Conan the Destroyer was theatrically released in the United States on June 29, 1984, by Universal Pictures. Upon release, the film received generally mixed reviews from critics. It grossed between $26.4 million and $31 million in the United States and Canada and earned theatrical rentals of $30 million worldwide.

==Plot==
Conan and his companion, the thief Malak, are confronted by Queen Taramis of Shadizar, who tests their combat ability with several of her guards. Satisfied, she tells Conan that she has a quest for him. He refuses her, but when she promises to resurrect his lost love, Valeria, Conan agrees to the quest.
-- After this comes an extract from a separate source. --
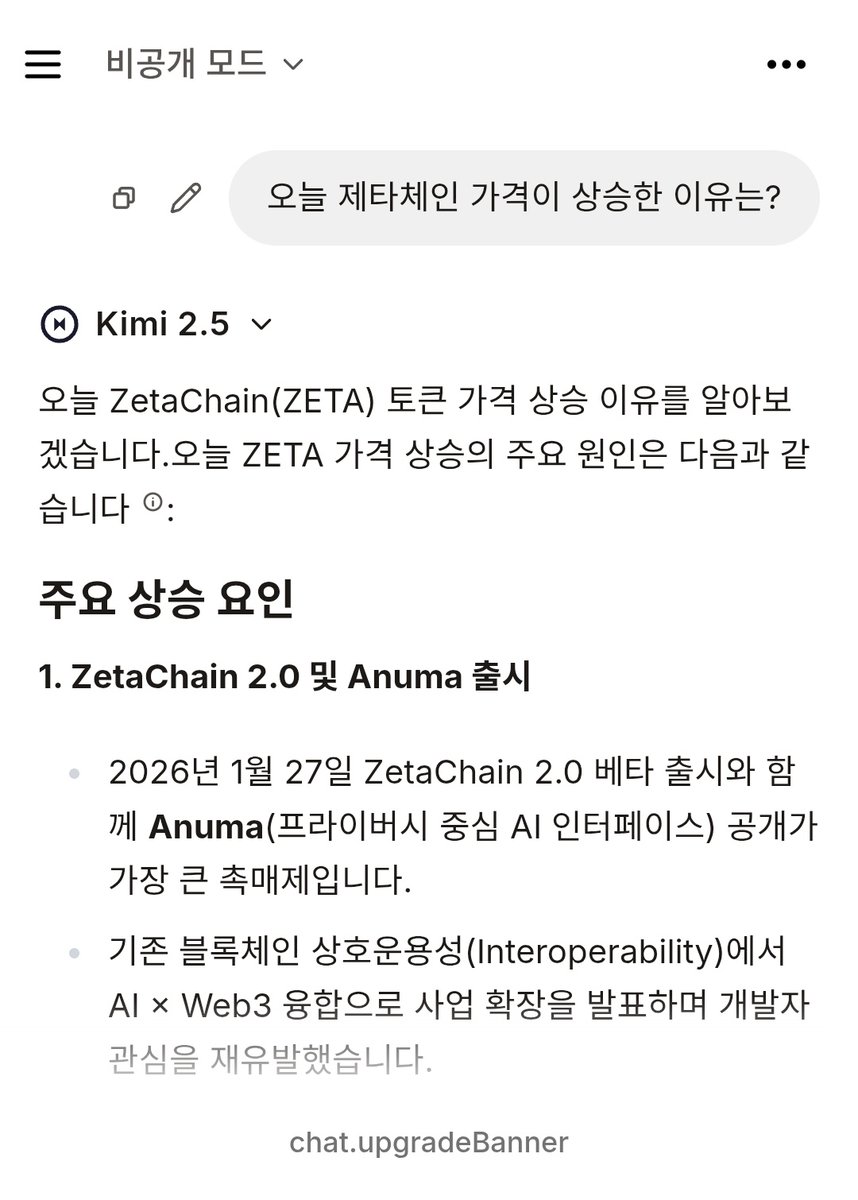 제타체인 20% 상승!
<a href="/ZetaChain_KR/">ZetaChain 한국어</a> <a href="/ZetaChain_KR/">ZetaChain 한국어</a>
He is to escort the Queen's niece, Princess Jehnna, a virgin, who is destined to restore the jeweled horn of the dreaming god Dagoth. The magic gem Heart of Ahriman must first be retrieved, in order to locate the horn. Conan and Malak are joined by Bombaata, the captain of Taramis's guard. Bombaata has secret orders to kill Conan once the gem is obtained.

The gem is secured in the fortress of a powerful wizard, so Conan seeks the help of his friend Akiro, the Wizard of the Mounds, who must first be rescued from a tribe of cannibals who have captured him. The adventurers encounter Zula, a powerful bandit warrior being tortured by vengeful villagers. Freeing Zula at Jehnna's request, Conan accepts the indebted warrior's offer to join their quest.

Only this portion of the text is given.